Septic tank odors can be disarming, to say the least, and can and will linger until they are addressed; a quick spray with a deodorizer will most likely not eliminate the problem. Odors from a septic tank arise as the result of many different causes, and can emanate from both inside and outside the home. This may require implementing one or more odor-fighting solutions to rid your home of the odor problem in its entirety.
Indoor Septic Odors
Removing indoor septic odors can be one of the easiest odors to eradicate. The cause of the odor is often a dry drain, or "trap" in a pipe, usually in a little-used bathroom or sink in the home. The reason a dry trap causes an odor is the pipe is designed in a "U" shape to trap the amount of gases and odor that come back up through the pipes. This simple design works because it will generally have water that sits in the U-shaped trap area of the pipe. However, particularly in less-used plumbing in the home, these traps can dry out, leaving no barrier between the drain and the odor. The fix is to simply run water down the drain, and make certain to do so periodically to avoid future odor problems.
Septic Cleaning Products
Cleaning and flushing out the lines between the septic tank and the home can help to eliminate septic tank odor. Similar to traditional plumbing products, flushing these products through the septic lines may be enough to eliminate the odor. Call your local home improvement store that sells septic tank maintenance supplies or research online to find odor-fighting products.

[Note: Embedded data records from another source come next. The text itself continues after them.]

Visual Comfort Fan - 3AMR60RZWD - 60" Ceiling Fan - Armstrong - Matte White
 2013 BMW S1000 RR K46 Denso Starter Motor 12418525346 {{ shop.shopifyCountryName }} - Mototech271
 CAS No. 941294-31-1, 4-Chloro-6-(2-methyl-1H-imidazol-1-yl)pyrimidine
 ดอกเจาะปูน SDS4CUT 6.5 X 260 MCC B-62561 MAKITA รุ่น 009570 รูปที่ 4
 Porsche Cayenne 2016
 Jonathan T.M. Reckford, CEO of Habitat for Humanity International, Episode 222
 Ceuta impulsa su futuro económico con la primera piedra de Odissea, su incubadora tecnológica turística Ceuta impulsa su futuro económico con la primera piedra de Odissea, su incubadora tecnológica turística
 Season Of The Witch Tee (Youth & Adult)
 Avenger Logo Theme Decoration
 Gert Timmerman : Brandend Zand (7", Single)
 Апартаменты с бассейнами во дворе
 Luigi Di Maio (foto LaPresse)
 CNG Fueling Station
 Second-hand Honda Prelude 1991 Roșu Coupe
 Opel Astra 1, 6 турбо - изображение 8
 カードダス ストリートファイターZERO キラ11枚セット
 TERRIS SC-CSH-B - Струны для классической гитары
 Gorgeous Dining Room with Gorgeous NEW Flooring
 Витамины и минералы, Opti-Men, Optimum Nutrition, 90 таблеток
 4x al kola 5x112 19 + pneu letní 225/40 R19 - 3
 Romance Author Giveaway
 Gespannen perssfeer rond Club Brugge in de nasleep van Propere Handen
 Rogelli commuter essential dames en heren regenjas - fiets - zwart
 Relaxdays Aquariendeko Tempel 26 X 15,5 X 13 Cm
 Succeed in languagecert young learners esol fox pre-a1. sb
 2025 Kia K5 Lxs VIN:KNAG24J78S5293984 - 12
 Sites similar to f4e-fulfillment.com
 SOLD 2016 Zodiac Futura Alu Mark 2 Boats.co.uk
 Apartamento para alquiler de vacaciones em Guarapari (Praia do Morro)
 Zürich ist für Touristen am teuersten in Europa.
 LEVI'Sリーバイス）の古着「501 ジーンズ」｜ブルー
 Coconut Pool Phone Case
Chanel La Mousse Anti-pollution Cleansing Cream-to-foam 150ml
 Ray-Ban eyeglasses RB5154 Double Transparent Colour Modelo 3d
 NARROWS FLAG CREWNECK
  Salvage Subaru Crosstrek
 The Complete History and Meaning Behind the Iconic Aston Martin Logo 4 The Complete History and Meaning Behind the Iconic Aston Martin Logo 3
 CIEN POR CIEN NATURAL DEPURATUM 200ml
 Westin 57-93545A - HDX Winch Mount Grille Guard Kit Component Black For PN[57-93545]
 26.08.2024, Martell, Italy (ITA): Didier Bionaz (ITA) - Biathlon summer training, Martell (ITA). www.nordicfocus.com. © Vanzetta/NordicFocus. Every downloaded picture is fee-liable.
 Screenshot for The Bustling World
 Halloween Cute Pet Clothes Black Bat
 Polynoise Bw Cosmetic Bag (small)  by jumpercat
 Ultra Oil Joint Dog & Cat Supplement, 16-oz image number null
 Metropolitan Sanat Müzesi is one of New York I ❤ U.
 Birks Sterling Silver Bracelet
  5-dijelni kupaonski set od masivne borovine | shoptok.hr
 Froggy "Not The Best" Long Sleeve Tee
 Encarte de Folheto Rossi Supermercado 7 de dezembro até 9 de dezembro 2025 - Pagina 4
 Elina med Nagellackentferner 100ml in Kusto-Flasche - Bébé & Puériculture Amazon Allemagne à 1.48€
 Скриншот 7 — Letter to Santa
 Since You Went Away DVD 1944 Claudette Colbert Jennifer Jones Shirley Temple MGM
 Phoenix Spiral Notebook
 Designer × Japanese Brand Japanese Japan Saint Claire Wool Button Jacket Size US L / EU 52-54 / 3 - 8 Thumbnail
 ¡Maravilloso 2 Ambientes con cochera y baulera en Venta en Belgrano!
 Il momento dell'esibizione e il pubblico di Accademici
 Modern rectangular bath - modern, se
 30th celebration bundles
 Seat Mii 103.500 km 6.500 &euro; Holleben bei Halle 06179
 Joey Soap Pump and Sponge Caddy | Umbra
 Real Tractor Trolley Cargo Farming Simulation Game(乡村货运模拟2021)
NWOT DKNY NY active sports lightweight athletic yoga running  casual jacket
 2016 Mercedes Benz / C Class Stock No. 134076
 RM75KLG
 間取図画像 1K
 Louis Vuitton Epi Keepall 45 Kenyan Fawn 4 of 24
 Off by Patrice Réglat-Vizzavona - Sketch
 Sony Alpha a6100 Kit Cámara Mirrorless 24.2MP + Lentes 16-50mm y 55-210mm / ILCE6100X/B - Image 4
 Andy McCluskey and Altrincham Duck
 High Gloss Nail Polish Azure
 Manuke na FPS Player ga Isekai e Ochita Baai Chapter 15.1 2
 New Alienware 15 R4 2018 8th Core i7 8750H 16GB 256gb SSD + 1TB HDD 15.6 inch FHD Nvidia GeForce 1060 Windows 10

Extending the septic tank vent stack on the top of the roof is a relatively quick and easy means of eliminating many outdoor odors. The septic vent stacks often do not extend high enough to allow the breeze to safely blow away the septic tank odor. Rather, it is blown back down toward the front or rear of the home, bringing septic tank odor with it. This odor can often be mitigated by simply using a PVC pipe to extend the vent stack to about three feet high. There are also charcoal filters that can be placed over the vent stack, filtering the odors before they are wind-borne.
Other Causes of Odors: Indoors and Outdoors
Pouring coffee grinds and oils down the garbage disposal will eventually cause a backup of the septic lines, bringing odors back up along with clogged materials. Outside, allowing water to collect and pool around the septic tank area can cause damage to the tank, and the moisture may facilitate septic tank odors. Also, you should not plant trees around the septic tank area, although grasses and small shrubbery is generally fine, as the roots can cause damage to the tank and line, resulting in odors and the need for repair.
Calling a professional may be necessary if nothing else has worked. It is possible the septic tank, particularly if it is old or has not been maintained properly, requires a thorough cleaning and flushing of the septic lines. If this is required, make certain to contract with a professional familiar with both plumbing and septic tanks, not simply one or the other. This way you are more likely to address either a tank or a plumbing situation (perhaps both), by the same person during the same maintenance call.